North Metro Medical Center Joins UAMS-Led Program to Provide Emergency Stroke Care

Sep 02, 2015 at 02:49 pm by admin


LITTLE ROCK – North Metro Medical Center in Jacksonville has partnered with the University of Arkansas for Medical Sciences (UAMS) to provide life-saving emergency care for stroke patients in the region. 

Called AR SAVES (Arkansas Stroke Assistance through Virtual Emergency Support), the program uses a high-speed video communications system to help provide immediate, life-saving treatments to stroke patients 24 hours a day.

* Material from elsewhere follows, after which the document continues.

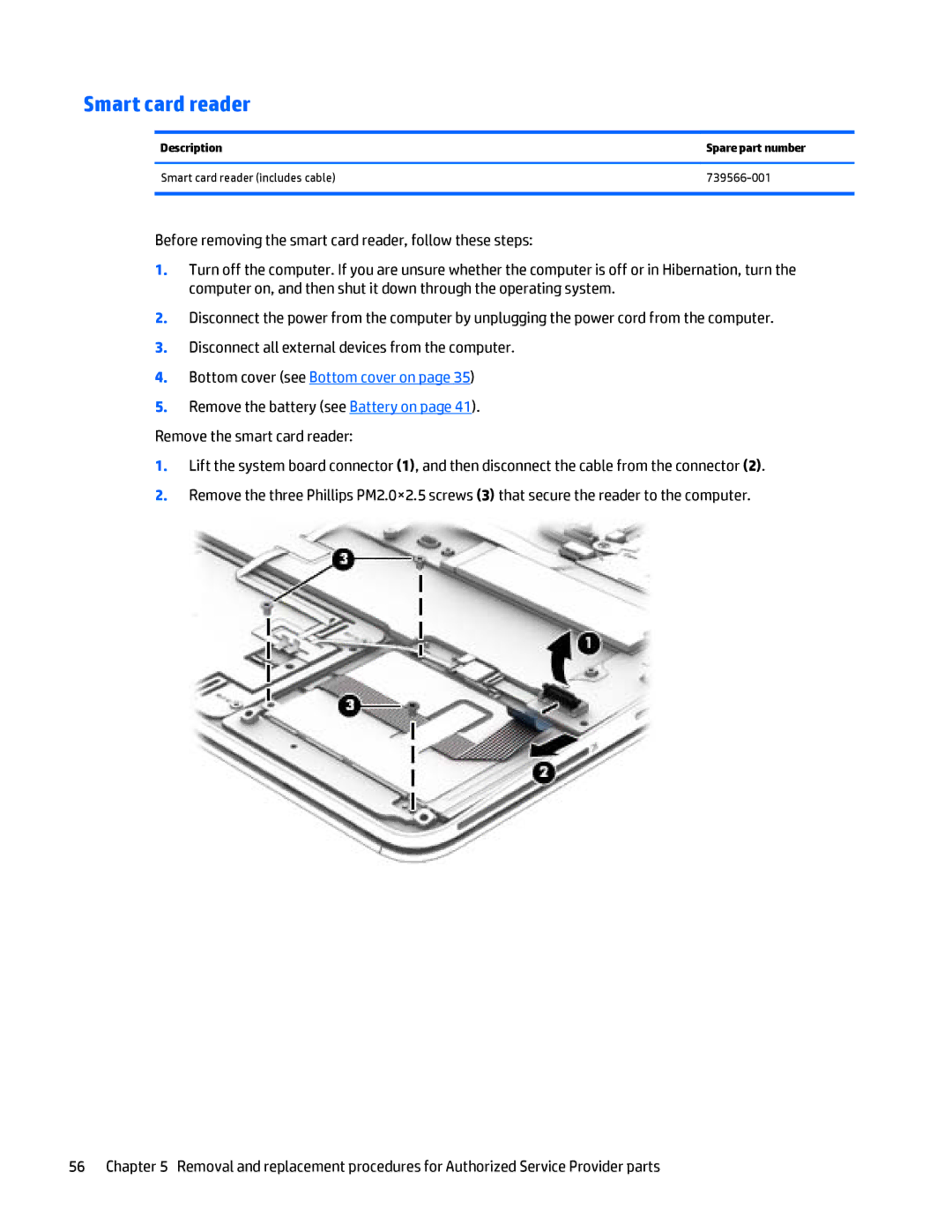 HP Folio 1040 G1 manual Smart card reader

The real-time video communication enables a stroke neurologist to evaluate whether emergency room physicians should use a powerful blood-clot dissolving agent within the critical three-hour period following the first signs of stroke. 

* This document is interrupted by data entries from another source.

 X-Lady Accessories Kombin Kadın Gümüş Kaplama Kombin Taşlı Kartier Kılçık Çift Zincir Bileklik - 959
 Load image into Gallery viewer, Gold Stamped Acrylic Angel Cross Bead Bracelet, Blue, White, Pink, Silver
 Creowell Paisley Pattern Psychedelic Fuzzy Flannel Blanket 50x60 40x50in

The AR SAVES program is a partnership between the UAMS Center for Distance Health, the state Department of Human Services, North Metro Medical Center and 47 other Arkansas hospitals.

Arkansas, which ranks first in the nation in stroke death rates, had 1,560 stroke-related deaths in 2011, according to the national Centers for Disease Control and Prevention. The nationwide direct and indirect cost of medical and institutional care of permanently disabled stroke victims was $73.7 billion in 2010, according to the American Heart Association’s 2012 Heart Disease and Stroke Statistics.

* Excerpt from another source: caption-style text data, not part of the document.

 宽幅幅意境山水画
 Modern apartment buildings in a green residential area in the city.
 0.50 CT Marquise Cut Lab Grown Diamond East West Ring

Since the program began Nov. 1, 2008, more than 2,791 patients have received stroke consults through AR SAVES and 751 patients have received the blood-clot dissolving agent.

Forty-seven  other Arkansas hospitals are participating in the AR SAVES program.

The AR SAVES program will continue adding hospitals across Arkansas in the coming months, said Curtis Lowery, M.D., director of the UAMS Center for Distance Health.